I cappellini della Regina in mostra a Londra – Fonte: Sky News

La mostra attraversa la lunga vita della sovrana, dall’infanzia all’età adulta, dagli anni da principessa al ruolo di regina. Il vestito da sposa indossato da Elisabetta nel 1947 per le nozze con il principe Filippo e quello per l’incoronazione nel 1953, passando per gli outfit privati e gli eleganti abiti scelti per gli impegni ufficiali. Un legame con la moda nato fin da giovane, fatto di creazioni d’alta sartoria e di uno stile personale raffinato e immediatamente riconoscibile.

Ogni dettaglio veniva curato con attenzione dalla stessa Elisabetta II, che sceglieva colori e linee pensati per renderla sempre visibile tra la folla. Grazie alla sua eleganza distintiva, la regina è diventata un’icona globale di stile, contribuendo alla valorizzazione della moda britannica e lasciando un’impronta duratura su stilisti e designer di tutto il mondo, anche dopo la sua scomparsa. Nel corso del suo lungo regno, infatti, Elisabetta II ha esercitato una notevole influenza sul mondo della moda grazie ad una cifra stilistica unica al mondo. Tra i capi più preziosi esposti alla King’s Gallery spicca l’abito Chantilly in raso e cotone indossato dalla giovane Elisabetta durante l’incoronazione del padre nel 1937.
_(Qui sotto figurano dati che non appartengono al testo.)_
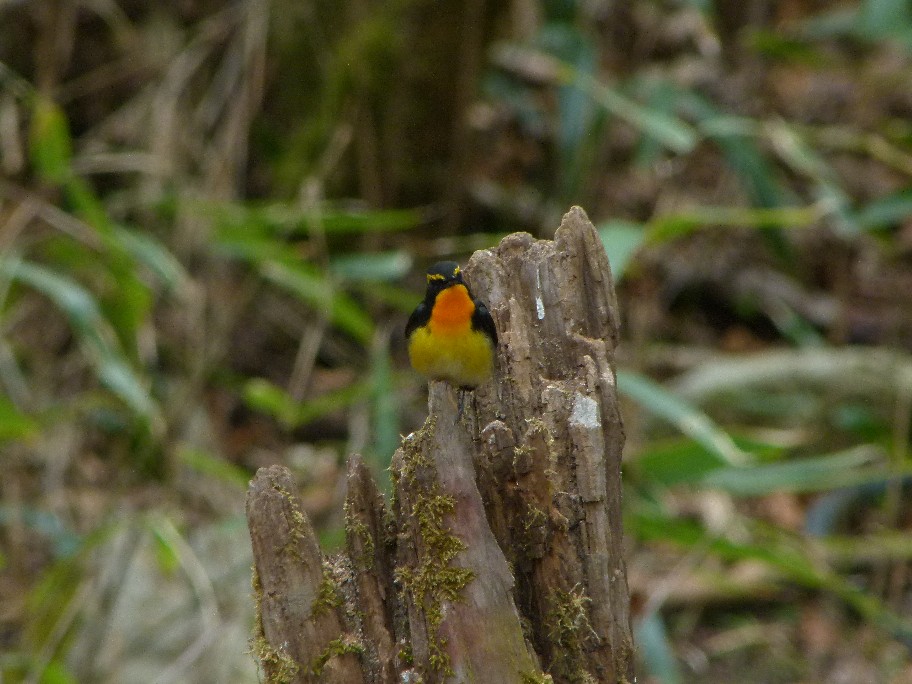 鳴き声も綺麗なキビタキ_f0201084_19432122.jpg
Accanto a questo, il vestito da damigella in lamé argentato e tulle creato da Edward Molyneux per il matrimonio del Duca di Kent nel 1934, quando la futura regina aveva soltanto otto anni. Negli Anni Quaranta poi, con l’affermazione dell’alta moda britannica, la Principessa Elisabetta iniziò a farsi consigliare da Norman Hartnell, destinato a diventare il suo stilista di fiducia per oltre trent’anni. Egli firmò alcuni degli abiti più celebri della sovrana, tra cui quello da sposa e quello dell’incoronazione. Sempre sua è la creazione scelta per il banchetto di Stato in onore del presidente Eisenhower a Washington nel 1957. Capi che, oltre all’eleganza e al valore artistico, incarnavano nel Dopoguerra il prestigio e la solidità della monarchia britannica.

Una delle tiare della regina in mostra – Fonte: ANSA

L’esposizione presenta inoltre, per la prima volta, le ampie gonne e le crinoline anni Cinquanta e gli abiti morbidi e ricchi di stampe firmati Ian Thomas degli Anni Settanta. Un’altra sezione è dedicata agli abiti istituzionali e ai look scelti per i viaggi ufficiali all’estero, studiati nei minimi dettagli dalla Regina per adattarsi al contesto culturale e diplomatico. Tra questi, l’abito in raso giallo creato da Hardy Amies per il tour del 1961 in India, Pakistan e Nepal, una tonalità associata alla prosperità e alla salute, e il tubino in lamé argentato ricamato con perline, ideato da Norman Hartnell per la visita di Stato in Francia nel 1972.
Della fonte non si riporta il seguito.